■ AIM OF THE TASK
Please quote exactly the lines below from the line containing "Президент провел встречу" to the line containing "Middy Transfer Re", both lines included, and nothing else.

■ DATA SECTION
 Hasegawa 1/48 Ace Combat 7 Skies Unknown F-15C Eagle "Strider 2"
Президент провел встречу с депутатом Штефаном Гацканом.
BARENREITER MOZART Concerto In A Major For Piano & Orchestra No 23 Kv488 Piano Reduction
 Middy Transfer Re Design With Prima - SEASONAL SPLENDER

* * *

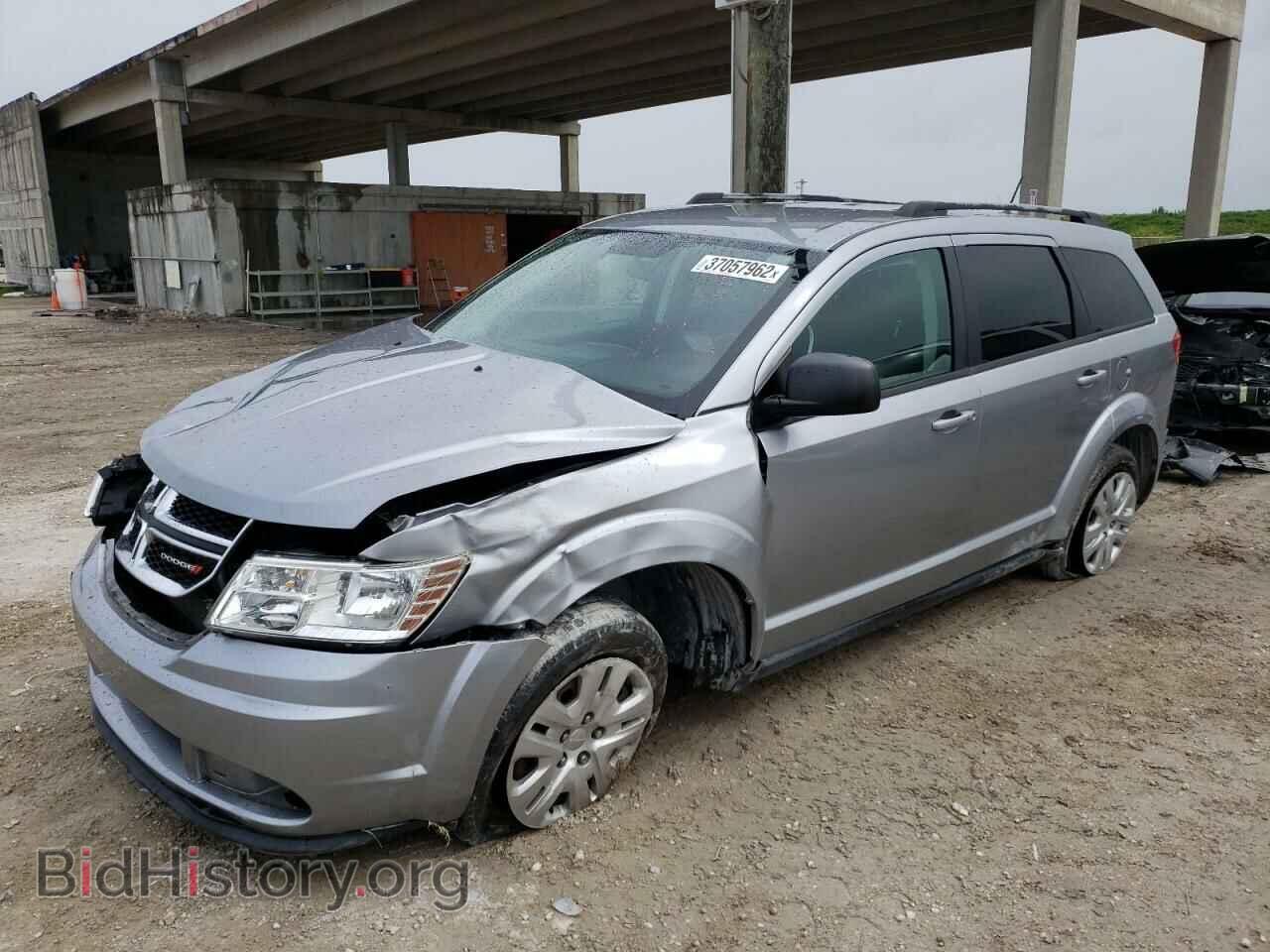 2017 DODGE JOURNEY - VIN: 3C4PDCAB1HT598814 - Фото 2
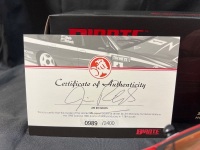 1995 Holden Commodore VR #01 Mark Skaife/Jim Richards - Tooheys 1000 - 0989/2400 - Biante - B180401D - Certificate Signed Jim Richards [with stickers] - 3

--

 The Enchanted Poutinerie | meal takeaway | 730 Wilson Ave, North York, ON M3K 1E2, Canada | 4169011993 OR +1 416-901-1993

■ EXERCISE ANSWER
Президент провел встречу с депутатом Штефаном Гацканом.
BARENREITER MOZART Concerto In A Major For Piano & Orchestra No 23 Kv488 Piano Reduction
 Middy Transfer Re Design With Prima - SEASONAL SPLENDER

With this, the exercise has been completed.